Tchaikovsky’s last three symphonies are probably the most performed and recorded symphonies in existence. Other contenders include those of Beethoven, Mozart, and maybe Haydn by virtue of there being over a hundred of them, but the trinity that is Tchaikovsky’s four, five, and six delivers a sampling of Romanticism that has proven irresistible to popular taste. Brahms might be worth mentioning too, had he left us more than four to choose from.
However, while there are countless recordings of these symphonies on the market, I think we’ve all grown accustomed to hearing a certain kind of Tchaikovsky. That is, few times have my ears ever been challenged by a noticeably divergent interpretation of these pieces. A fifteen minute first movement of the fifth symphony, for example, is standard fare.
Or at least this was the case it seemed until I discovered the recordings of these symphonies performed by Romanian conductor Sergui Celibidache with the Munich Philharmonic. There are certainly a few things that make these recordings special, but the first thing I’ll mention is the most obvious: the track lengths listed on the back of each album case immediately indicate just how slow he takes these pieces. His recorded performance of the fourth symphony, for example, lasts a staggering 56′25″. The only other recording (that I know of) that even comes remotely close to this is Leonard Bernstein’s recording with the New York Philharmonic, clocking in at roughly 48 minutes.
But of course, raw length doesn’t say much about any performance beyond vaguely describing the tempo. In fact, while it may be common to apply a deliberate slowness to Tchaikovsky’s music for gross emotional flavoring, this probably wasn’t Celibidache’s intent. The late conductor’s son explains his father’s philosophy:
According to my father, the tempo of a specific piece is not given by a metronome number but depends much rather on other criteria in the score and on the acoustic of a hall. This tempo fluctuates according to the complexity of the notes and their epiphenomena. In short, more notes need more time to develop and return (to the ear). The richer the music, the slower the tempo.
This is a decidedly intellectual approach to performing music, but a fitting one for a conductor who committed to creating unique, enriching experiences for himself, the musicians, and the audience. Unfortunately, the intricacies are mostly lost in the translation of real sound to electrical signals for those of us forced to relive the event through iTunes. Celibidache likewise frowned sternly upon recorded music, believing it to be an encumbrance to one’s spontaneity and in general a watered-down, unflattering rendering of the total experience. These recordings were thus produced and released posthumously by his son.
What we hear in these recordings is extremely passionate music, but I’m almost ashamed to say it given that this is simply the nature of Tchaikovsky’s music. Merely relaxing the tempo could not alone explain the effectiveness of Celibidache’s conducting, but I will say that the dauntingly lachrymose finale of the sixth symphony is especially effective at this pace.

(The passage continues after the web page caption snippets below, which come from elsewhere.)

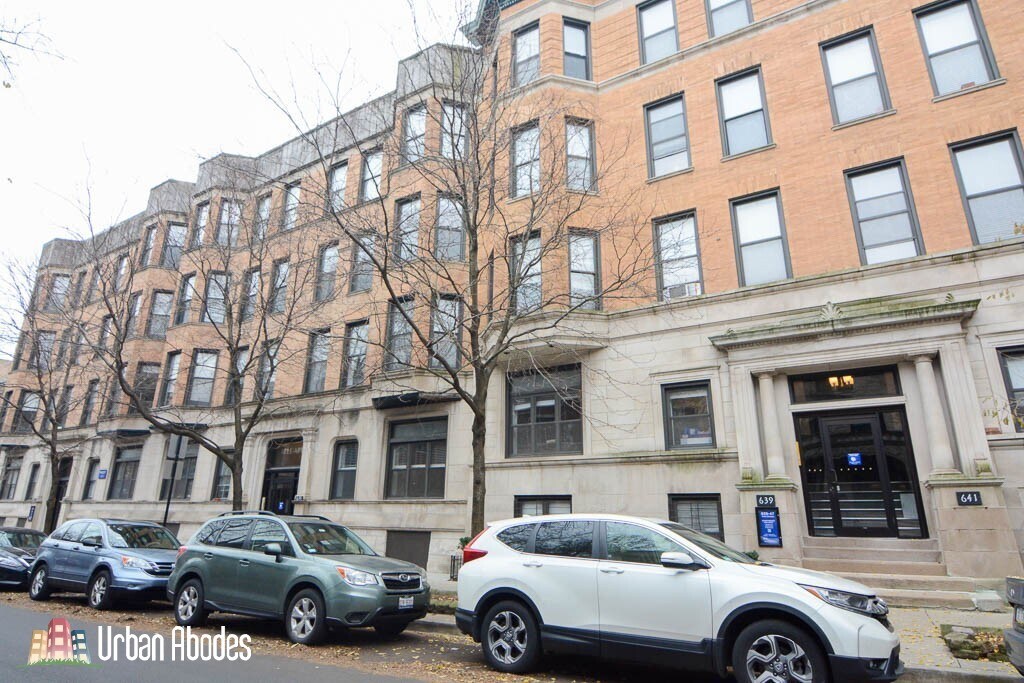 629 W Oakdale Ave, Unit A09C in Chicago, IL - Building Photo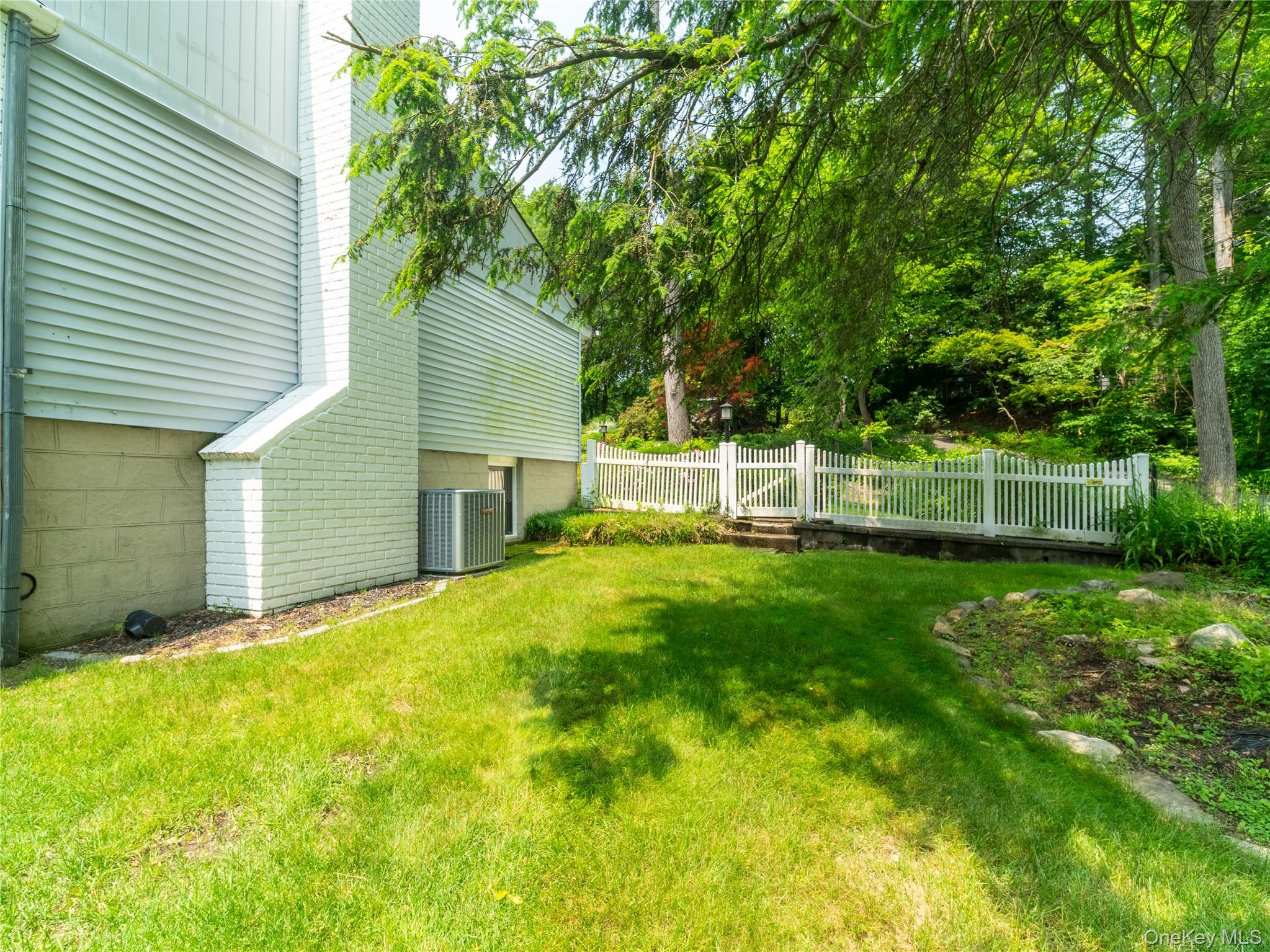 175 Chappaqua Road, Briarcliff Manor, NY 10562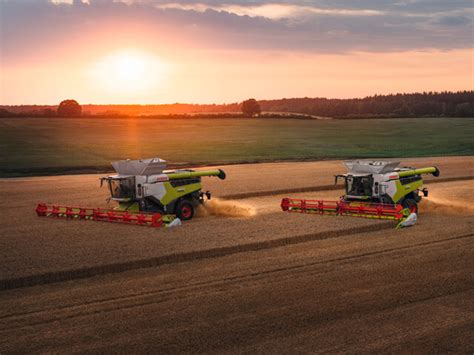 Moissonneuse-batteuse CLAAS LEXION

I’ll dispense with any attempt to qualitatively describe Celibidache’s performances in words; frankly, I’ve never been satisfied with any kind of language that attempts to communicate musical feeling (the kind you find in concert program notes, for example). It just sounds silly and overworked to me. I’ll simply recommend that you give at least one of these recordings a dedicated listen, uninterrupted, from beginning to end, and hopefully on a device with respectable audio capabilities (i.e. your laptop speakers won’t do). A conductor who didn’t believe in recorded music deserves at least that much.